There is a strange familiarity to the forms in Arran Russell’s works. Like the shape shifting qualities of a dream, the elements of Russell’s visual vocabulary have given their foundations the slip and drifted into new formations.

The shapes in these works have been floating in Russell’s subconscious for many years now, the recognition they trigger coming from their origin as garment patterns. For Russell, his past occupation in the design and fashion industries meant years of working with these shapes, through the medium of textiles. This work often took place outside of Australia, where the only vocabulary the artist shared with his colleagues and collaborators was contained in the forms laid out before them. Originally flat, strange pieces, the artist recalls often finding these shapes alien and wondering how they would result in a wearable garment, despite repeating the process successfully countless times. Here, these cut-out shapes have kept their perplexing, prone characters, floating, nudging, and nestling themselves into new, abstracted compositions. Like Russell and his fellow garment creators, as viewers we find a shared language in these works. Flat, geometric curves cutting through two dimensions, eventually destined to come together to create, seemingly miraculously, a garment that fits and moves with the human body.

The visual simplicity of Russell’s works allows space for a wealth of cultural references to resonate. The lines of the quintessential Australian singlet, often visible through a thin white business shirt or worn proudly as no-nonsense outerwear, intersects with the minimalism of Kazimir Malevich’s equally iconic Black Square. In bringing together these two seemingly disparate visual heavyweights, Russell raises questions around what we come to value in our culture, and why these symbols continue to resonate across time.

While Russell’s art practice speaks to painting, sculpture and printmaking, there is a mix-and-match approach in the way he employs surface and support. Avoiding the use of the paintbrush and the precise, repetitive motions it encourages, Russell instead prefers printmaking tools such as squeegees and spatulas, familiar from the artist’s time spent screen printing textiles, to push heavy-duty materials like black oil paint, tar and lead across the surface of his sculptural reliefs. The resulting texture evokes asphalt roads, polished metals, squeaky blackboards, or charcoaled timber.

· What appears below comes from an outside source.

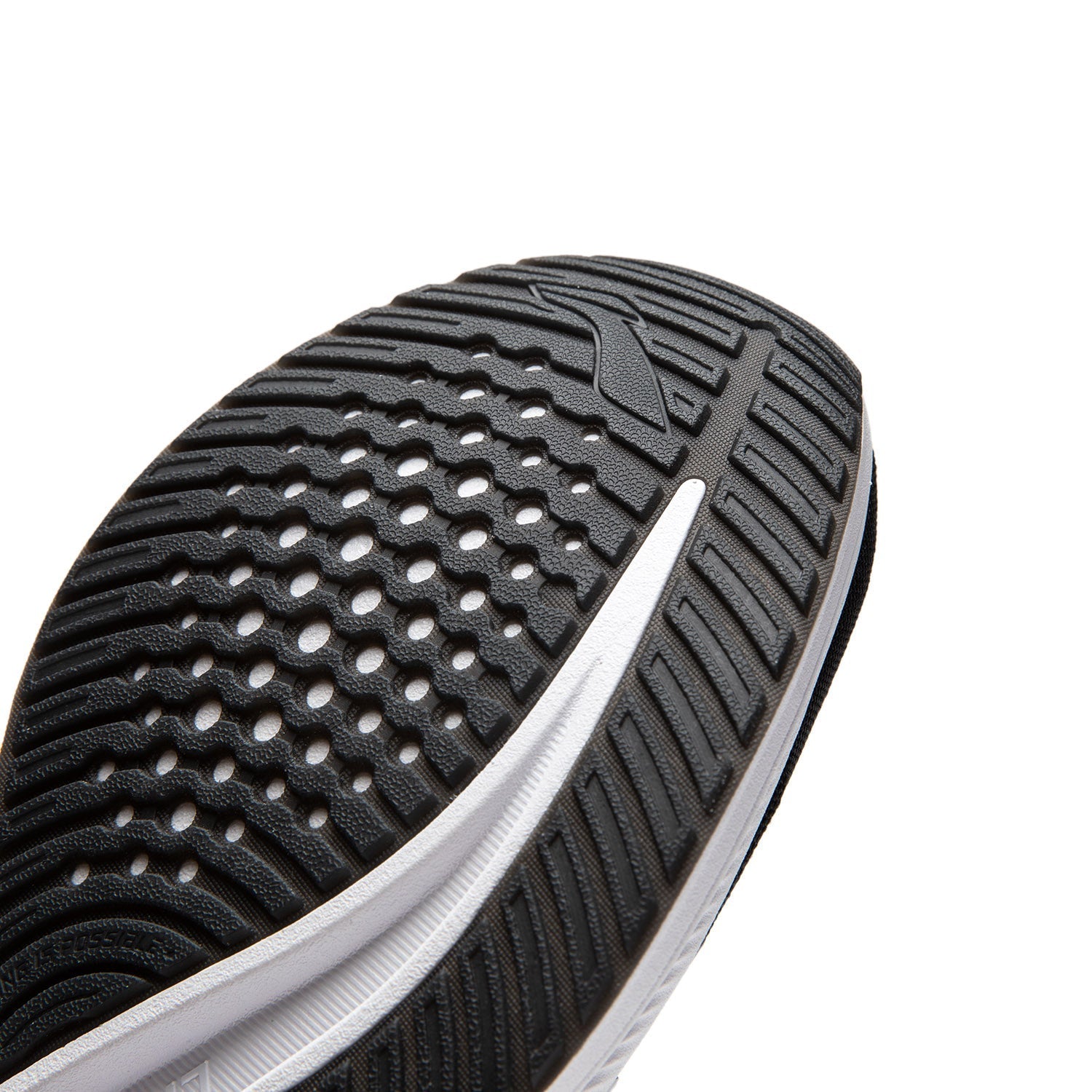 Li-Ning YueYing 4 Svart/Vit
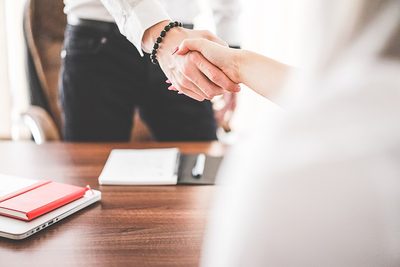 Thực Tập Sinh Quản Lý Khiếu Nại - Công Ty TNHH TMDV Phát Triển Chồi Xanh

In a series of white-coloured works, the use of Kaolin powder layered with oil and acrylic paints creates the soft, chalky effect of unfired clay on the work’s surface, absorbing light. The resulting textures are gritty, permeable and uneven, suggesting a building-up and wearing-down through layers of time. This sits in contrast to the clean, repetitive cutting of new textile which is the basis for the works’ forms.  

Russell’s works may appear abstract and inorganic, however they remain intrinsically linked to the human body through their garment origins. And once these finished garments are picked up off a rack and taken home, the who, what, why, how and where of their wearing becomes their identity. The titles of the works in Silent language, such as Pumpin’ iron and Adho Mukha Vrksasana, hint at this notion.

Like a gesture performed through muscle memory, the forms in these works emerge from a place of subconscious recollection. Familiar yet abstract, reiterated yet unique, Russell harnesses a hidden language of shapes, conjuring a well-worn vocabulary into new expressions.